A stolen glance showed her sitting relaxed, eyes closed, the hint of a smile on her face.  What was she thinking?

A few seconds later I felt her hand touch mine, and it was like getting an electric shock.  Almost instinctively our fingers intertwined.  She opened her eyes and turned her head to look at me.

“I had a lot of time, back in the cave, to think about stuff I never really thought about before.  You think you have all the time in the world, but the truth is, you don’t.  Everything can be taken away from you in an instant, and all those things you said you’d do one day, never happen.”

“All part of the near-death experience.  It got me thinking too.  Everything I was going to do, one day.  And for a little while there, I honestly believed I’d wasted my whole life.”

“It’s funny, or rather not funny, what you think was important, and really isn’t.  We shared something nearly everyone else won’t or could, Sam.”

She held up her hand in mine.  “Like this.  A month ago, this would not have happened, you and I, not a possibility.  I was too wrapped up in who and what I was, that overdose of self-importance and ego, when the reality was I am nothing more than just another speck on the landscape.”

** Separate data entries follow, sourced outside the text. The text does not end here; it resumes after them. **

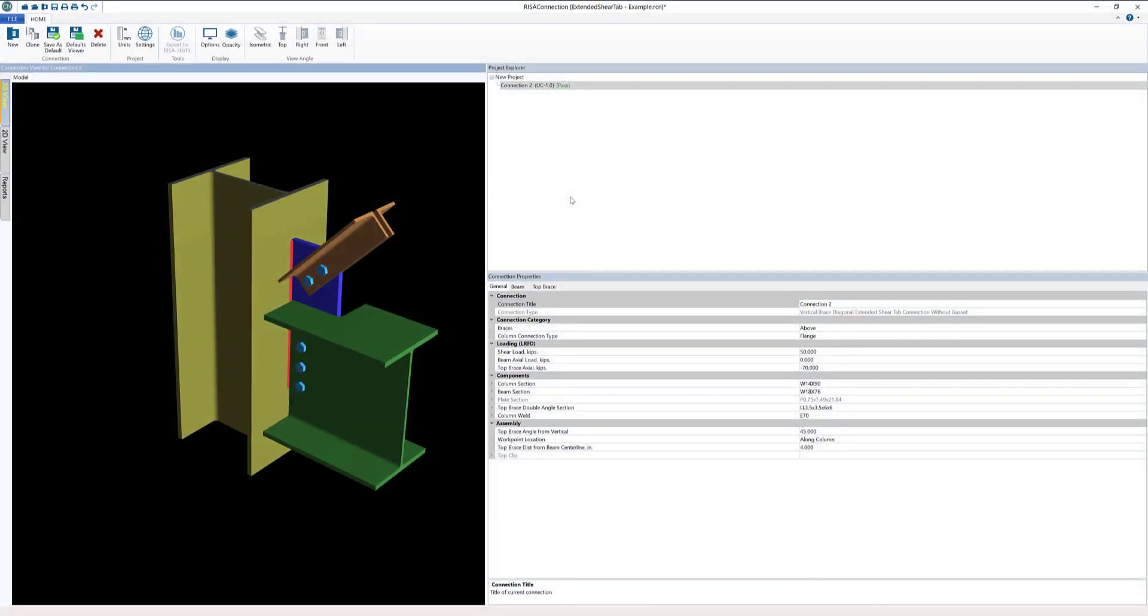Reset Connection version 13 now includes the ability to define vertical diagonal brace extended shear tab connections both with and without the use of gusset plates. This connection type was highly requested by our users due to its usefulness in a variety of different situations.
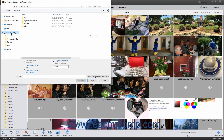To import all media files in a folder, use the Get Photos and Videos from Files and Folders dialog box to navigate into the folder that contains the folder with the media you want to import. Then click the folder to select it within this dialog box. To also import all media contained within subfolders of the selected folder, check the Get Photos from Subfolders checkbox at the bottom of this dialog box.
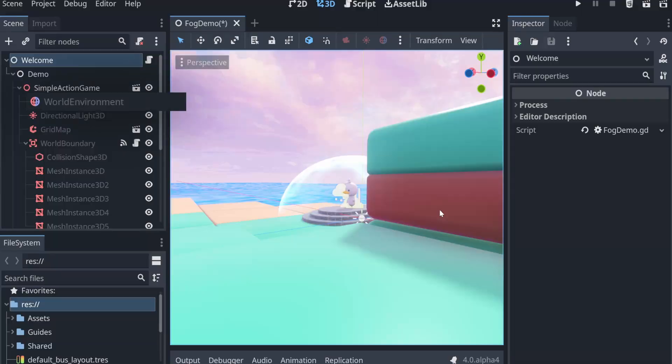Godot 4 brings the lovely new addition of Volumetric Fog that will let you inject an incredible amount of ambience and Silent Hill-esque spookiness into your scenes.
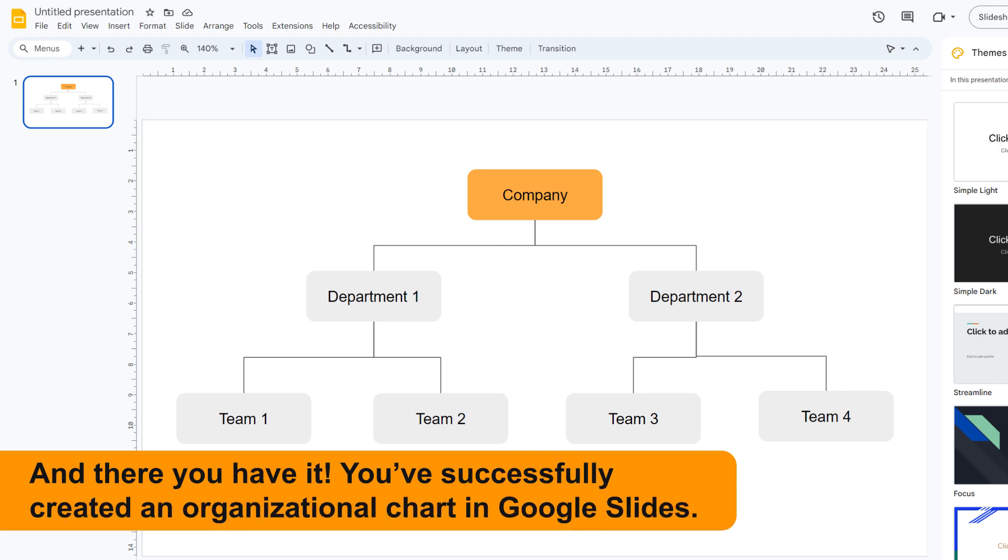And there you have it, you've successfully created an organizational chart in Google Slides.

“You’re more than that, Nadia.”

“To you, yes.  To everyone else, no.  I was brought up to believe the family was everything, but, in the end, it counted for nothing.”  She sighed.  “To them, I’ll be nothing but a girl.  I can’t tell how disappointed I was, or repeat what I said to my father, or that which I now refuse to call my mother.”

I wondered what I could say that would make her feel better, but there was nothing in my word armory.

“If it’s any consolation, I want to go to Italy with you, and explore the possibilities.”

She smiled.  “Summers are magic, you wake up, the early morning sun caressing warmth on your body, the tactile feel of the person lying next to you.  It’s hard not to imagine those feelings coursing through you.”

Did that mean she had a boyfriend back in Italy?  My have must have expressed my thoughts.

“You are the one in my thoughts, Sam.  It’s you there beside me and has been since getting out of the cave.  I know you feel the same about me.”

My heart missed a beat, or three.  I could see us there, together, bodies entwined.

“Now hold that thought.  We have one last job to do, and I think you’ll appreciate it.”

I hadn’t realized I’d stopped breathing and let out a long breath.  If it were up to me, I’d be on the next plane to Rome.

Instead, it looked like we were going to make a final visit to the mall.